Wolf was not convinced, writing in her ruling: “If the government’s interest in combatting the appearance of corruption was not enough to justify limits on independent expenditures, it stands to reason that the same interest is not enough to justify limits on contributions to independent expenditures.”
The Supreme Court never explicitly ruled whether caps or restrictions on donations to super PACs are unconstitutional. That fell to the DC Circuit Court of Appeals, which ruled two months after Citizens United was decided that “the government has no anti-corruption interest in limiting contributions to an independent expenditure group.”
Since then, at least seven other appeals courts have unanimously slapped down independent-expenditure contribution limits as unconstitutional, according to a brief by the Institute for Free Speech (IFS), which is fighting against the Maine initiative.
“I give it a 0% chance of success,” IFS senior attorney Charles Miller told The Post about Lessig’s latest effort. “This is essentially repackaging old arguments that have failed over and over again.
“They’ve added more splash to it this time and a little bit more sort of a PR polish to it, but it’s the same substantive arguments.”
Restrictions on political donations “can be very attractive in the abstract,” former FEC Chairman Allen Dickerson acknowledged.
“But if you think about where that thinking leads, it is not obvious that these contribution limits would only apply to political committees and not to other ideological organizations.”
Dickerson warns that if the limits imposed by Maine’s referendum are allowed to stand, “the principal way by which ordinary people can pool their money to take out ads and speak independently about politics would be cut off.”
“The billionaires and the multi-millionaires and the big organizations would still be able to do that directly,” he added, arguing that middle-class Americans wouldn’t have the means of buying TV ads without pooling money.
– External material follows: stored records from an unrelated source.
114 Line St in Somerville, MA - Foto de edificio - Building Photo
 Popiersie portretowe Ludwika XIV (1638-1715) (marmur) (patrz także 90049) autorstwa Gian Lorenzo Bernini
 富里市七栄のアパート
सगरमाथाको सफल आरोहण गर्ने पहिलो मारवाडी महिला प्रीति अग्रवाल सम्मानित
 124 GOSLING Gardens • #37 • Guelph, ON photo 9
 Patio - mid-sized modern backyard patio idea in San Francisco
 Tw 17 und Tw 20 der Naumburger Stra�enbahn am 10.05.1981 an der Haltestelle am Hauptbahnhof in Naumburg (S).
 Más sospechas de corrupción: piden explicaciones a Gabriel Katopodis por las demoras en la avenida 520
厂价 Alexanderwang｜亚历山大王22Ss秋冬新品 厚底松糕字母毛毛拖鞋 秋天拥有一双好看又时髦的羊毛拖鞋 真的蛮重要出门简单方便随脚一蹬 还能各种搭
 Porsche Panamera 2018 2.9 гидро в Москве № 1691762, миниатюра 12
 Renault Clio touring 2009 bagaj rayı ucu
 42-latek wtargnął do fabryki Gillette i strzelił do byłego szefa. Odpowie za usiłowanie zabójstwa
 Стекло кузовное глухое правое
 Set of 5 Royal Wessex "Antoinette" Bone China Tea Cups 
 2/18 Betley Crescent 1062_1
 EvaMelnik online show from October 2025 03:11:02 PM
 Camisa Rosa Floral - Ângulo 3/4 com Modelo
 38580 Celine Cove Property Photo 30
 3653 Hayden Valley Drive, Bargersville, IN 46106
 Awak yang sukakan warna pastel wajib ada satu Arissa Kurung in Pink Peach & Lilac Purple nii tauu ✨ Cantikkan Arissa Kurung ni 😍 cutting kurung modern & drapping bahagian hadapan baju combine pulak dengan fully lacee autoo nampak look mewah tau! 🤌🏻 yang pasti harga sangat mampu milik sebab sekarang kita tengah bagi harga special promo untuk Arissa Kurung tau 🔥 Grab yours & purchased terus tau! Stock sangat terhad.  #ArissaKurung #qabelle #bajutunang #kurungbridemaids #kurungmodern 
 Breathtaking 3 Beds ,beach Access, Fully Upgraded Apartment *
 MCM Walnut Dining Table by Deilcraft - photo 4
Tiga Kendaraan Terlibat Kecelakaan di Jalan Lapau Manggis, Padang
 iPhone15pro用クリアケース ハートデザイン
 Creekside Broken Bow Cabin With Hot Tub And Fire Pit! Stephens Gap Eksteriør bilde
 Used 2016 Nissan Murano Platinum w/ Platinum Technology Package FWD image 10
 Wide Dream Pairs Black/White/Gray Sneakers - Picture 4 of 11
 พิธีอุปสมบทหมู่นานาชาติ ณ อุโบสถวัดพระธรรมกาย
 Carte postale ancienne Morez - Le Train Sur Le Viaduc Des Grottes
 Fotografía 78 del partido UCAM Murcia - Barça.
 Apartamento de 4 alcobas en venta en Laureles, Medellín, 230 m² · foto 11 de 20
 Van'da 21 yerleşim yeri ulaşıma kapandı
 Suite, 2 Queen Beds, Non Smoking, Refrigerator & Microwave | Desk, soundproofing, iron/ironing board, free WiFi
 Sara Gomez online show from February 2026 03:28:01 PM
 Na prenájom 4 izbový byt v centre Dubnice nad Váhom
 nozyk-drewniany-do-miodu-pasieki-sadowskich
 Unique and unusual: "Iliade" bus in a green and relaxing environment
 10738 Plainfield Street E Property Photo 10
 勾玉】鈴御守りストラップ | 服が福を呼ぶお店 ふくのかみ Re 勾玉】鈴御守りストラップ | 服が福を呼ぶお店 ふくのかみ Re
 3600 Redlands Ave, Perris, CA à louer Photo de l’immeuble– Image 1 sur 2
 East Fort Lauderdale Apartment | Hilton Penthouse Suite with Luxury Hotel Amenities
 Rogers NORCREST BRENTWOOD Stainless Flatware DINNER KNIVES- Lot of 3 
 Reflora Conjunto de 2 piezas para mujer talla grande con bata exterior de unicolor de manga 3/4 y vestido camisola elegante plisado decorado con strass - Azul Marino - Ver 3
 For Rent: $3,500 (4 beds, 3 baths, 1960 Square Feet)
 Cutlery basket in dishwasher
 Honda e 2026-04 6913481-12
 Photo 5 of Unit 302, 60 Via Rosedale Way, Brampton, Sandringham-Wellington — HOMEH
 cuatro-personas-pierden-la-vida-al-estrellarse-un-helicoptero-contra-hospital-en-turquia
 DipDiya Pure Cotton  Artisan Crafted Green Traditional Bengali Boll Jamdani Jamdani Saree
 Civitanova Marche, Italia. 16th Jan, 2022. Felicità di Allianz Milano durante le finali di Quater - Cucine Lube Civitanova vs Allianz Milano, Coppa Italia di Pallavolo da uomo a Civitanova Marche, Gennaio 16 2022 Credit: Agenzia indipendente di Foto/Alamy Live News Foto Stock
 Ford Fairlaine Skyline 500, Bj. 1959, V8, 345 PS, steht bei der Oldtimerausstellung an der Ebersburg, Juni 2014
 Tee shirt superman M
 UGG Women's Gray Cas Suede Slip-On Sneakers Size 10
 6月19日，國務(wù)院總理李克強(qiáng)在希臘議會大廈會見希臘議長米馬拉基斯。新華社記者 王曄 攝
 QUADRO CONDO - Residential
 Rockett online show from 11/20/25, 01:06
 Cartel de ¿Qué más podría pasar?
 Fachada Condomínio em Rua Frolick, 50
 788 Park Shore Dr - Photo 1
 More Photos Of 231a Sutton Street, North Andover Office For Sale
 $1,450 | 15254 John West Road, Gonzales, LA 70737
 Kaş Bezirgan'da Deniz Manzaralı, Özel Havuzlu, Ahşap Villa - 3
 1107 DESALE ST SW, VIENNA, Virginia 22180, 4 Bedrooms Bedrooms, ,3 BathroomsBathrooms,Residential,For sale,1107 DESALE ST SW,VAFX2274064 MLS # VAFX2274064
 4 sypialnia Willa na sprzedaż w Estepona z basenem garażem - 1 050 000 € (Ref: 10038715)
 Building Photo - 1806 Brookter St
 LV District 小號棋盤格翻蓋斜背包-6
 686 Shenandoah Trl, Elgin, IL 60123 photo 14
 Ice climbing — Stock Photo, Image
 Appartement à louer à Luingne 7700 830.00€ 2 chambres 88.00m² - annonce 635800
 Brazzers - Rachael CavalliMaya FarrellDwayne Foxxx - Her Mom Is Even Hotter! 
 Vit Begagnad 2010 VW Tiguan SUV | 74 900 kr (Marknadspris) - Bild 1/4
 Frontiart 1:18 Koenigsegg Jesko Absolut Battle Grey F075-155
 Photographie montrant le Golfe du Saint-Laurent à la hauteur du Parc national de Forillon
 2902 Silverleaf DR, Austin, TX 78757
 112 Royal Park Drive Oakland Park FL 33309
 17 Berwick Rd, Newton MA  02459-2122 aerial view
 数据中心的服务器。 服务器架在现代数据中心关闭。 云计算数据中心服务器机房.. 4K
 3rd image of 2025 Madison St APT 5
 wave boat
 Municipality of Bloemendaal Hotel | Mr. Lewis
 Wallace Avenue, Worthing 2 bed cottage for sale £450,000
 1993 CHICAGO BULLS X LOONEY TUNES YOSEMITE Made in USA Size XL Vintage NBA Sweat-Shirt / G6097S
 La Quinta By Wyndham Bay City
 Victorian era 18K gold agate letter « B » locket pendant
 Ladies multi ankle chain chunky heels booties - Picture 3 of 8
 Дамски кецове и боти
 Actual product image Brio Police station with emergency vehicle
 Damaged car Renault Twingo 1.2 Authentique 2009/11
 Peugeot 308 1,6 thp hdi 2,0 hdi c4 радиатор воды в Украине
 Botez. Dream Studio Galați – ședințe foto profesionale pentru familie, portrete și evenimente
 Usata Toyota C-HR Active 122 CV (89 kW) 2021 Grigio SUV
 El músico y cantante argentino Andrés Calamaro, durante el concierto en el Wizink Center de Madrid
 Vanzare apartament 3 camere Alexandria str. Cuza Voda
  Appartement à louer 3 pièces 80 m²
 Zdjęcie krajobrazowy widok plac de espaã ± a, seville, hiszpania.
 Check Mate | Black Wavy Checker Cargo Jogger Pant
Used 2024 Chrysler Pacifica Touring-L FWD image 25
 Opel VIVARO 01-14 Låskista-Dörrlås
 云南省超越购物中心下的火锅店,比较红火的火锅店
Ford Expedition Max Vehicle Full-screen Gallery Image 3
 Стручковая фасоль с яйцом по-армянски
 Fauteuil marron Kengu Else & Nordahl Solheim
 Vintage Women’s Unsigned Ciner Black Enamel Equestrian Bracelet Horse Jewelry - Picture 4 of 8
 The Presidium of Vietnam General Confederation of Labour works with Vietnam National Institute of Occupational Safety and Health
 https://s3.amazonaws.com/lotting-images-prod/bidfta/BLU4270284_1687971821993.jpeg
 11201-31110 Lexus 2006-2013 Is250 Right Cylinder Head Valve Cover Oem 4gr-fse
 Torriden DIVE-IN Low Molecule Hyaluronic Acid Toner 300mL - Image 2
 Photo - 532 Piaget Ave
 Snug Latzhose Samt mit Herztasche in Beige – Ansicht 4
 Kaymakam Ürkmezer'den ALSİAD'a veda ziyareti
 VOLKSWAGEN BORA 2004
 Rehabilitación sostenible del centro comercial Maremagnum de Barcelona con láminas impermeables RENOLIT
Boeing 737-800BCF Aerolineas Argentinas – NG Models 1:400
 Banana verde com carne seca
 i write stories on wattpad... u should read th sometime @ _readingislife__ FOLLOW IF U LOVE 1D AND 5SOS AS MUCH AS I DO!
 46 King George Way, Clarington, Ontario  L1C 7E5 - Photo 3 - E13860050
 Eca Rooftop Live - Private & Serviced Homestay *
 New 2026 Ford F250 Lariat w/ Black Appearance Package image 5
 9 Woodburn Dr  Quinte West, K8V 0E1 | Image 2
Right now, Lessig is only fighting to limit donations to super PACs, not eliminate them altogether. The Maine referendum would still allow ordinary Americans to pool funds together for political purposes.
But the professor believes that the rise of super PACs with limitless donations has dramatically shrunk “the number of relevant funders” to the point where “candidates are most attuned to” an “increasingly small number of billionaires.”
Lessig and his allies argue that the government can restrict donations to super PACs just like Supreme Court precedent allows limits on individual donations to campaigns.
But he concedes that the feds won’t be able to restrict election spending by individuals that doesn’t go through third parties like campaigns and super PACs, established by the high court in 1976’s Buckley v. Valeo.
Buckley struck down limits on what candidates can spend on their own campaigns, but allowed caps on donations from outside individuals due to quid pro quo concerns.
“What we won’t achieve is the end of the opportunity for somebody like George Soros … or Elon Musk to spend money independently on their own,” said Lessig.
Dickerson responded: “If an individual can spend unlimited funds to elect a candidate — independently, again, of that candidate, not a contribution — then it must be true that you can create organizations that pool people’s money” to help elect them.
“We reject the proposition that restricting money in politics is a good goal in and of itself,” said Miller. “…It will always be the case that elites will always have more access to politicians. You know that’s innate in any system of government.”
There is an open question about whether or not the Supreme Court will take up Dinner Table Action v. Schneider, given that the high court often looks for situations where there’s a major split in the lower courts.
“The largest number of people to vote for anything in the history of Maine have said they don’t want super PACs,” Lessig said, making part of his originalist pitch.
“Why do five justices on the Supreme Court get to disagree with that when they’re not relying on anything we the people ever did in enacting our Constitution?”